* _The task_: Pictures aside, reproduce exactly and only the lines below, starting at the one containing "Daniela Mercury faz" and ending at the last line.

* _Information provided_:
-----
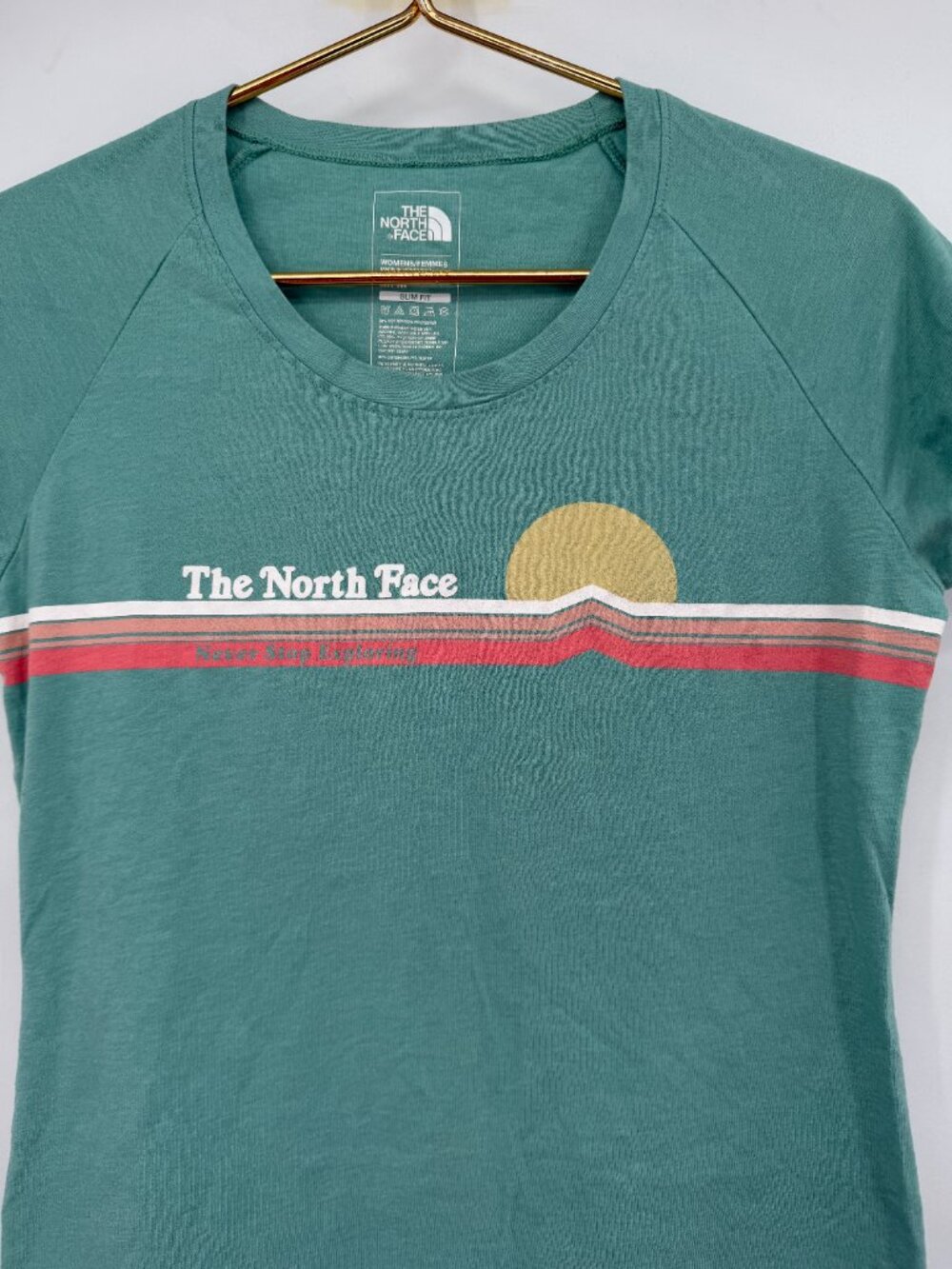 The North Face Graphic Logo Slim Fit T-Shirt Green Women's Medium - Picture 2 of 8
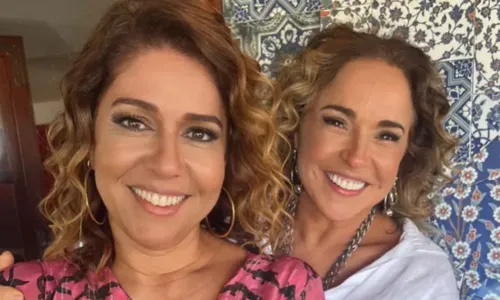 
				
					Daniela Mercury faz declaração emocionante para esposa e web reage
				
				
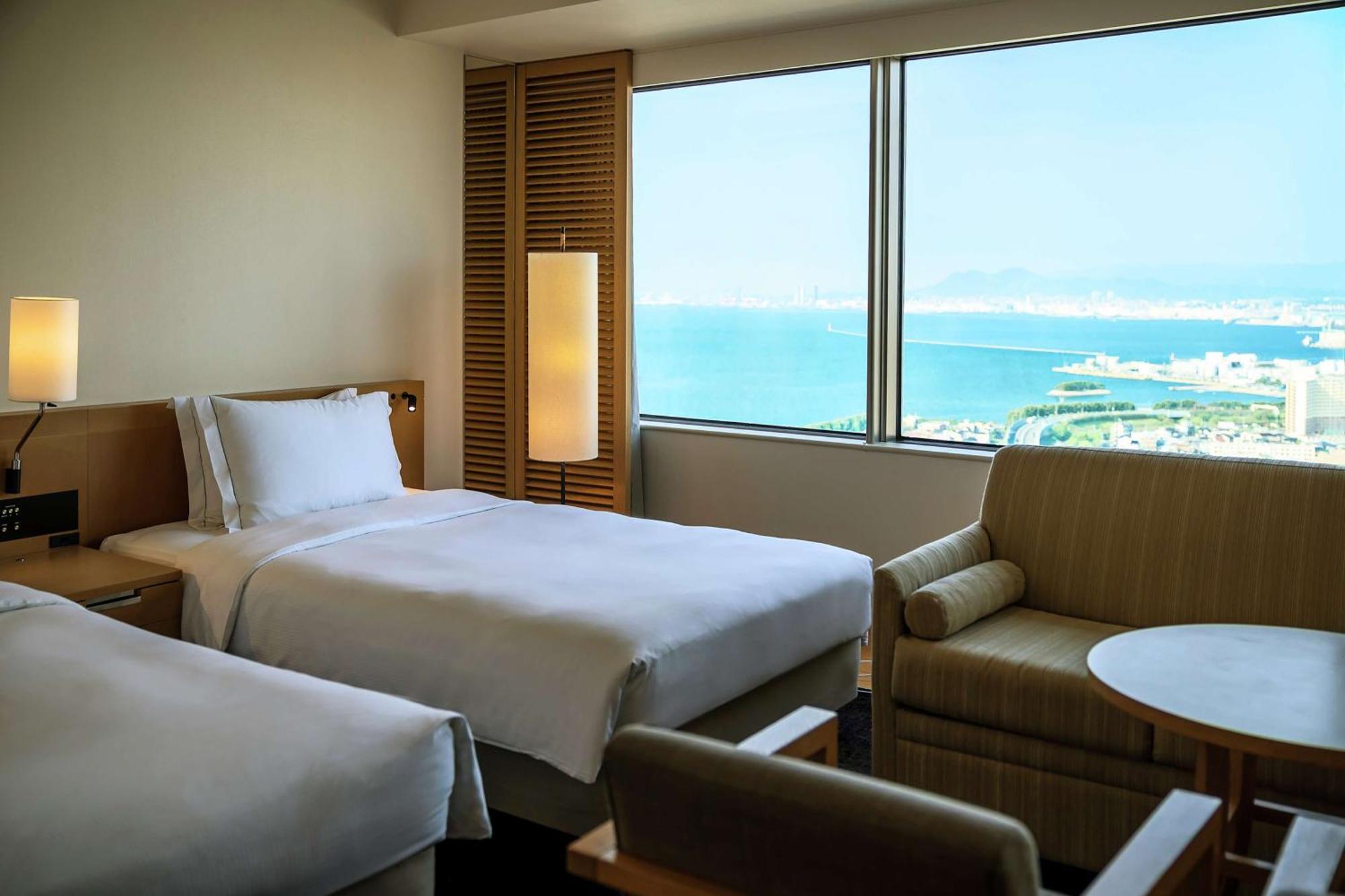 Hilton Fukuoka Sea Hawk Hotel Exterior foto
-----
* _Result_:
					Daniela Mercury faz declaração emocionante para esposa e web reage
				
				
 Hilton Fukuoka Sea Hawk Hotel Exterior foto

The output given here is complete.